DATA EXTRACT
------------------------
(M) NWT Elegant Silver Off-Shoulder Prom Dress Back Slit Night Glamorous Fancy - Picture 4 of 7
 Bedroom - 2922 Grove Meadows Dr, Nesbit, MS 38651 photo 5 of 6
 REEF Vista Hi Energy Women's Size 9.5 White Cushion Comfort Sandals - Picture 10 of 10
------------------------
WHAT YOU NEED TO DO
When a line in the data holds the word "Picture", show that line.

ANSWER AREA
(M) NWT Elegant Silver Off-Shoulder Prom Dress Back Slit Night Glamorous Fancy - Picture 4 of 7
 REEF Vista Hi Energy Women's Size 9.5 White Cushion Comfort Sandals - Picture 10 of 10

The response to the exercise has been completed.